Heat oil over medium heat and add the garlic, fennel seeds and thyme until aromatic for 1 minute. Add onion and celery, cook for 5 minutes. Add carrots and cook 20 minutes or until mushy. Remove from heat and let cool.
Put the ground pork in a large bowl and add the cooled veggies, breadcrumbs, salt and white pepper. Using your hands, mix well.
Preheat oven to 400 degrees. Roll the puff pastry (that you bought) into a rectangle. Cut the pastry into 6 rectangles for about 6×12 inches each.

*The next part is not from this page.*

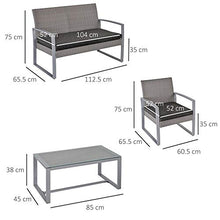 Set Salotto da Giardino Divano 2 Poltrone e Tavolino in Metallo e Rattan Grigio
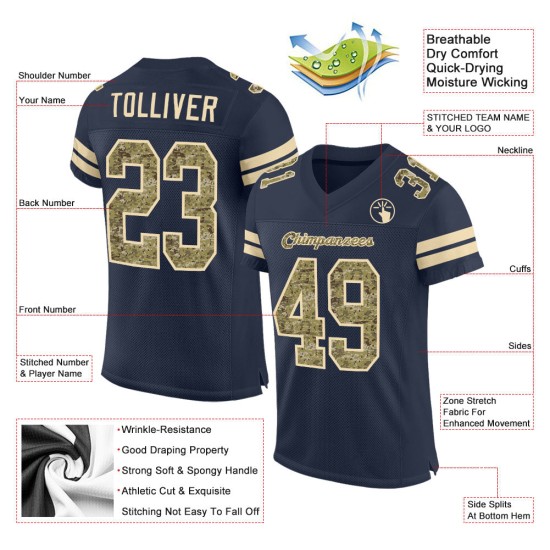 Mesh Jersey Football Custom Authentic Navy Camo-Cream Mesh Jersey Football Custom Authentic Navy Camo-Cream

Divide the filling mixture into 6 even-sized portions. Roll each portion out into a 12-inch long log (like a sausage without the casing). It should be about 1 1/4 inches in diameter. Place each log lengthways in the centre of the pastry rectangle and brush one long edge with egg wash.
Firmly fold the pastry over, pressing to enclose the log tightly, leaving the ends open. Cut each roll into 2 even-sized pieces and place them on a baking tray lined with baking paper. Brush the top of each roll with egg wash and sprinkle with fennel seeds.
Reduce the oven temperature to 375 degrees Fahrenheit and bake for 35 to 40 minutes or until they are a golden brown roll of steaming oozing goodness. It sounds harder than it is.